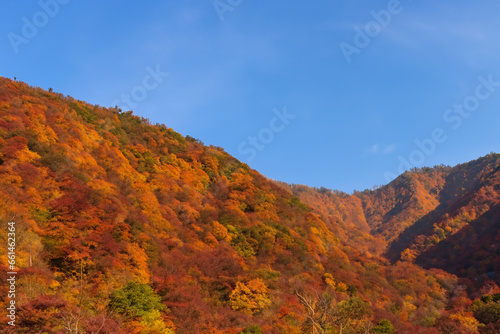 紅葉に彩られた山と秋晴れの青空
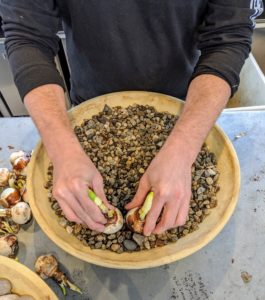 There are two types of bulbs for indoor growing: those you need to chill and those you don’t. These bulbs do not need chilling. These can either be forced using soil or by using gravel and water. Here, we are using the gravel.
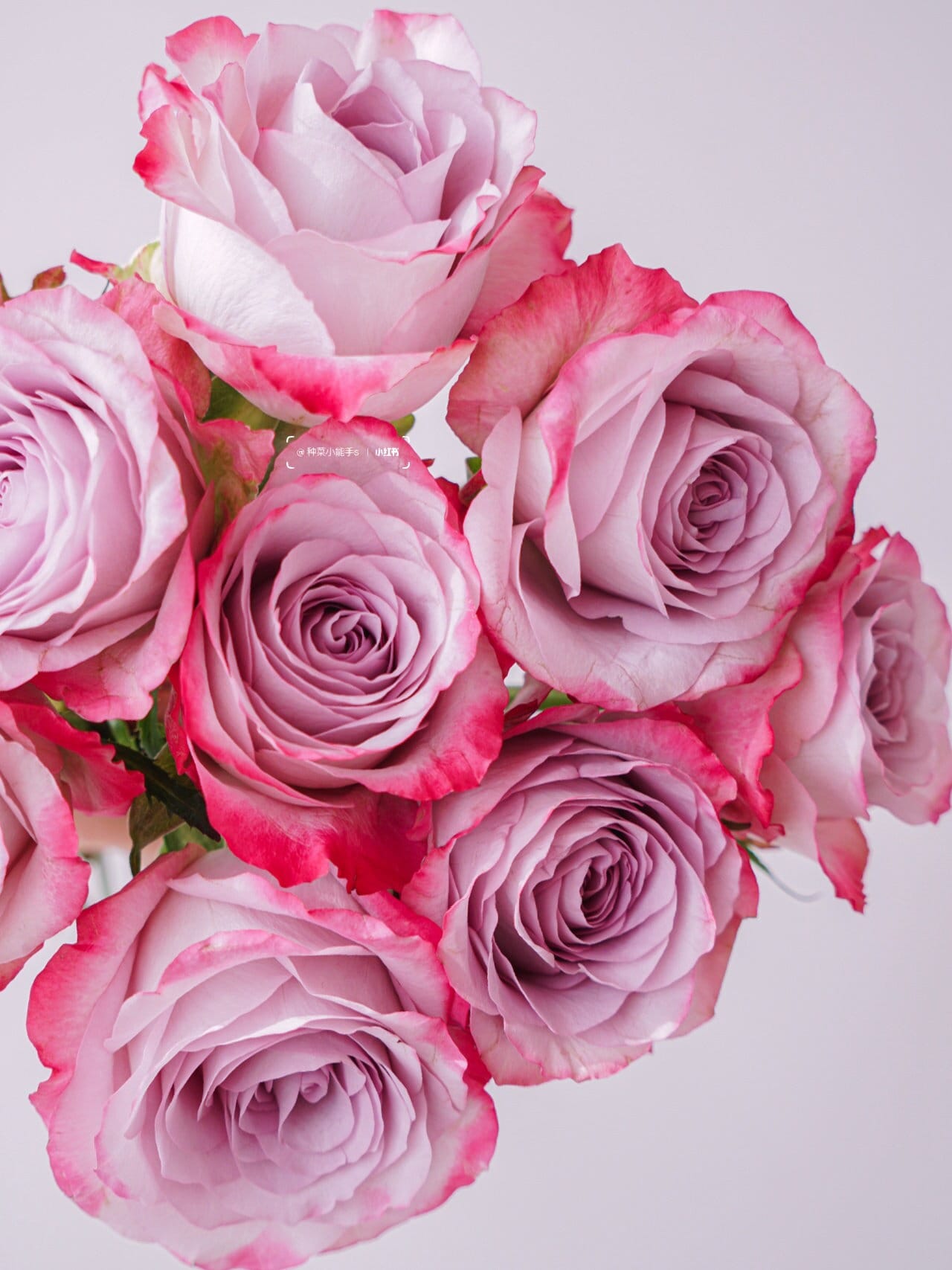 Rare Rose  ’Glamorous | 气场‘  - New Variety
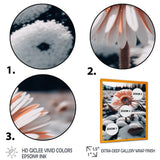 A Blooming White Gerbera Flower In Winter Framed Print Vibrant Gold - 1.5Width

[What is expected] Reproduce the whole listing above character for character; pictures do not belong in it.

[Answer box]
 紅葉に彩られた山と秋晴れの青空
 There are two types of bulbs for indoor growing: those you need to chill and those you don’t. These bulbs do not need chilling. These can either be forced using soil or by using gravel and water. Here, we are using the gravel.
 Rare Rose  ’Glamorous | 气场‘  - New Variety
 A Blooming White Gerbera Flower In Winter Framed Print Vibrant Gold - 1.5Width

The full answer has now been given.